Anzi, per l’appunto, il disagio delle banche verso la vigilanza è alla fine collegato agli approcci di un governatore spesso assente ai tavoli domestici, salvo poi tornare regolarmente da qualche foro internazionale (primo fra tutti il suo Financial Stability Board) con “tavole della legge” che collidono con gli interessi immediati delle banche italiane e del sistema-paese. È stato così che al 17esimo Forex è giunto puntuale l’ennesimo appello ad accelerare il rafforzamento patrimoniale con aumenti di capitale: il primo dei “comandamenti” di Basilea 3, che tuttavia modula fino al 2019 gli interventi di consolidamento dei bilanci bancari in funzione anti-rischio e anti-crisi.

“Dovete fare gli aumenti prima del nuovo stress test”, ha sottolineato Draghi poco dopo il saluto dell’ospite Carlo Fratta Pasini: il presidente di quel Banco Popolare che ha appena condotto in porto una ricapitalizzazione da 2 miliardi, dopo aver chiesto e ottenuto quasi altrettanto sotto forma di Tremonti-bond. In prima fila ascoltava il presidente dell’Abi, Giuseppe Mussari, che guida il Montepaschi di Siena, altro istituto (assieme alla Popolare di Milano) sorretto da un – pur limitato – ricorso alle obbligazione subordinate del Tesoro e non ancora a posto con i requisiti minimi di patrimonio prudenziale (Tier 1).

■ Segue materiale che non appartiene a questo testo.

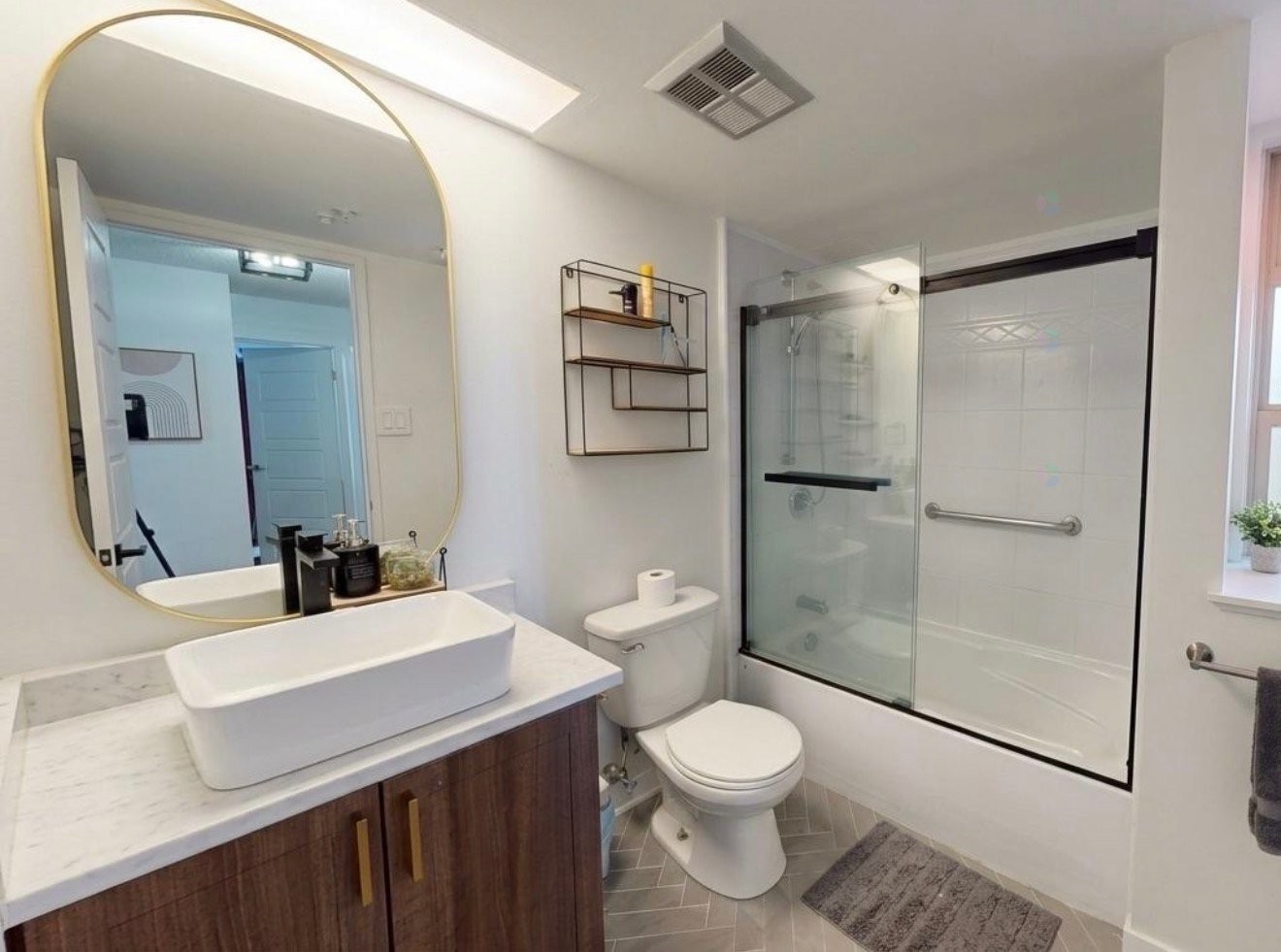 









110


Rue du Château

, 1901,
Gatineau (Hull),




QC
J9A1T4


Al governatore “sordo” ai loro appelli a tenere con l’adozione di Basilea 3 una velocità almeno non superiore a quella degli altri sistemi, hanno risposto col mutismo, con la smentita preventiva circa le ipotesi di nuovi aumenti di capitale, con la conferma che la politica dei dividendi rispetterà criteri di moderazione, ma non di severità draconiana. “Intesa Sanpaolo distribuirà dividendi” ha ribadito Andrea Beltratti, presidente del consiglio di gestione del gruppo.

 

La “durezza globalista” di Draghi, del resto, non sembra preoccupata di colpire alla linea di galleggiamento le corazzate della flotta bancaria italiana. Ma tant’è. Chiedere sospensione delle cedole e ricapitalizzazioni significa infatti togliere ossigeno alle grandi fondazioni azioniste (cioè bloccare le erogazioni in pubblica utilità sui territori), indebolire nell’immediato il valore delle loro partecipazioni bancarie e mettere in preventivo il reinvestimento in banca di una parte dei loro patrimoni via via liberati negli ultimi due decenni.

 

Vuol dire togliere mezzi alle iniziative pubblico-privato strutturate dal ministro Giulio Tremonti attorno alla Cassa depositi e prestiti. Vuol dire riproporre la questione del controllo delle grandi banche italiane: chi le ricapitalizzerà dopo che la Borsa italiana è stata distrutta e il risparmio gestito (fondi comuni e fondi pensione) non è mai stato fatto decollare per davvero? Come convincere i risparmiatori italiani a comprare azioni di quelle banche presso le quali, negli ultimi due anni, hanno forzatamente acquistato obbligazioni spesso meno remunerative dei titoli pubblici?

I fondi sovrani dei paesi emergenti – come ha ricordato proprio dal palco del Forex il sindaco leghista di Verona Flavio Tosi – hanno dimostrato tutte le loro insidie proprio sullo scacchiere italiano: non è trascorso neppure un anno dal laborioso ingresso degli investitori statali libici al 7% in UniCredit e il dossier è già diventato un’emergenza geofinanziaria. Mentre a consolare i banchieri italiani non è certo bastata la constatazione mercatista del loro governatore sul fatto che se l’economia italiana marciasse allo stesso passo di quella tedesca, anche i loro conti economici sarebbero migliori.

 

Colpa della bassa crescita, cioè sempre “colpa del governo”? Per di più di un governo che – ha di nuovo lasciato intendere il Draghi più “americano” – farebbe bene alla fine ad abbassare le tasse? A Verona il governatore non era venuto a cercare applausi, ma in ogni caso non li ha avuti.